The question as associated with — https://en.wikipedia.org/wiki/PRISM_%28surveillance_program%29
PRISM is an NSA program to collect data from various service networks like Google, Yahoo, Microsoft, etc, about data traversing these service networks. The NSA makes a request for data matching certain search terms.
Microsoft’s answer on the above page is:
Q: How does Microsoft determine what countries can request data?
A: Microsoft produces data in response to valid legal requests from governmental entities in countries where we host the requested data. We conduct a local legal review of each request we receive against local laws and standards.

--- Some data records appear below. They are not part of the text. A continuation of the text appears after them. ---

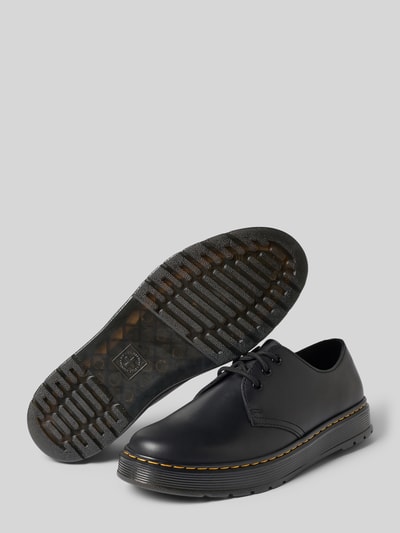 Produktfoto, schwarze Schuhe aus echtem Leder Modell 'Brookline' von Dr. Martens mit Schnürverschluss, profilierte Sohle, abgerundete Passform, Absatzhöhe 4 cm, Schafthöhe 6 cm, Schaftweite 12 cm.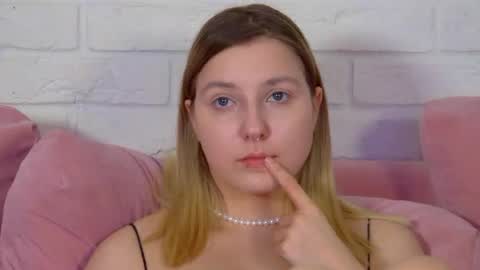 Snapshot of tinaburton chatting on July 9, 4:44 pm TinaBurton online show from July 9, 4:44 pm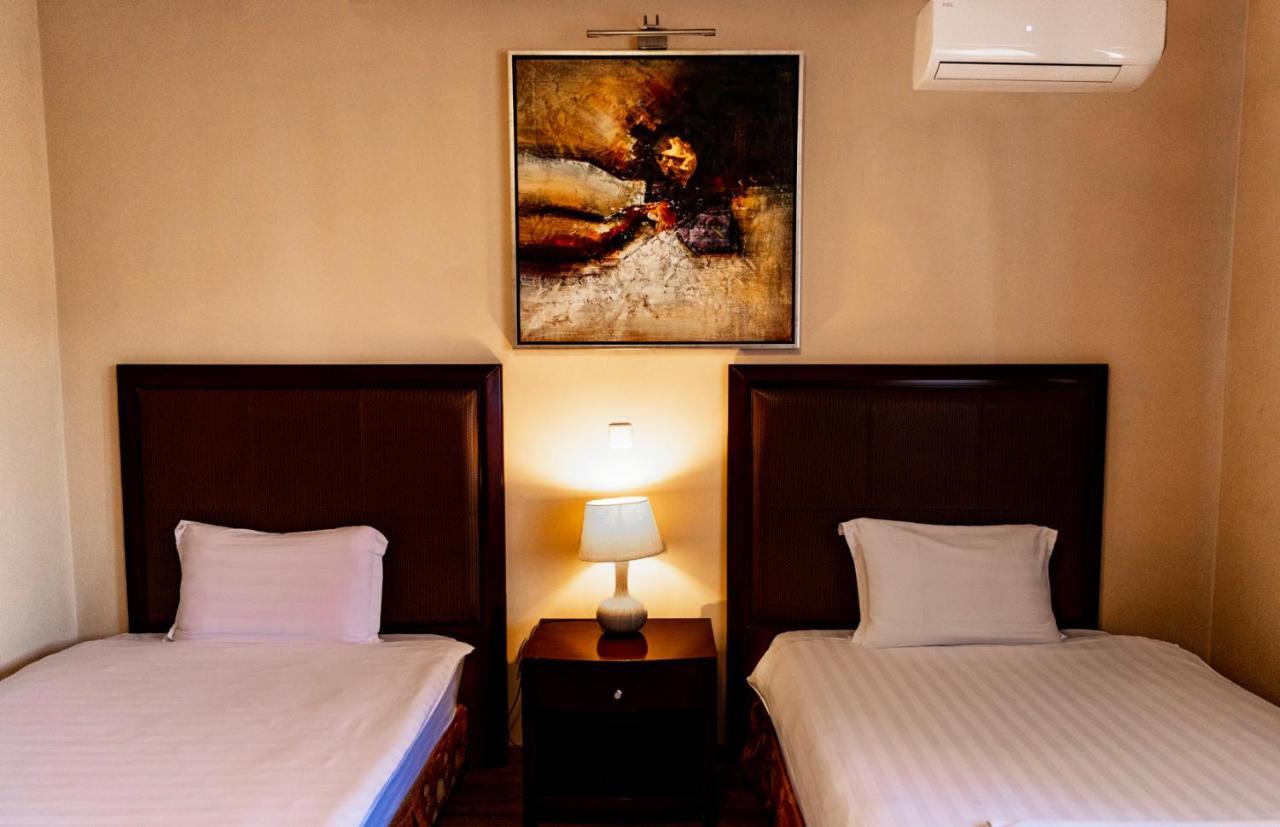 Boutique Hotel Igmas, Prishtina Pristina Esterno foto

We also periodically review our screening processes around the world to ensure local judicial procedures are being followed and our global human rights statement is being applied.
Q: Does Microsoft notify users of its consumer services, such as Outlook.com, when law enforcement or another governmental entity in the U.S. requests their data?
A: Yes. Microsoft gives prior notice to users whose data is sought by a law enforcement agency or other governmental entity, except where prohibited by law. We may withhold notice in exceptional circumstances, such as emergencies where notice could result in danger (e.g., child exploitation investigations), or where notice would be counterproductive (e.g., where the user’s account has been hacked). Microsoft also provides delayed notice to users upon expiration of a valid and applicable nondisclosure order unless Microsoft, in its sole discretion, believes that providing notice could result in danger to identifiable individuals or groups or be counterproductive.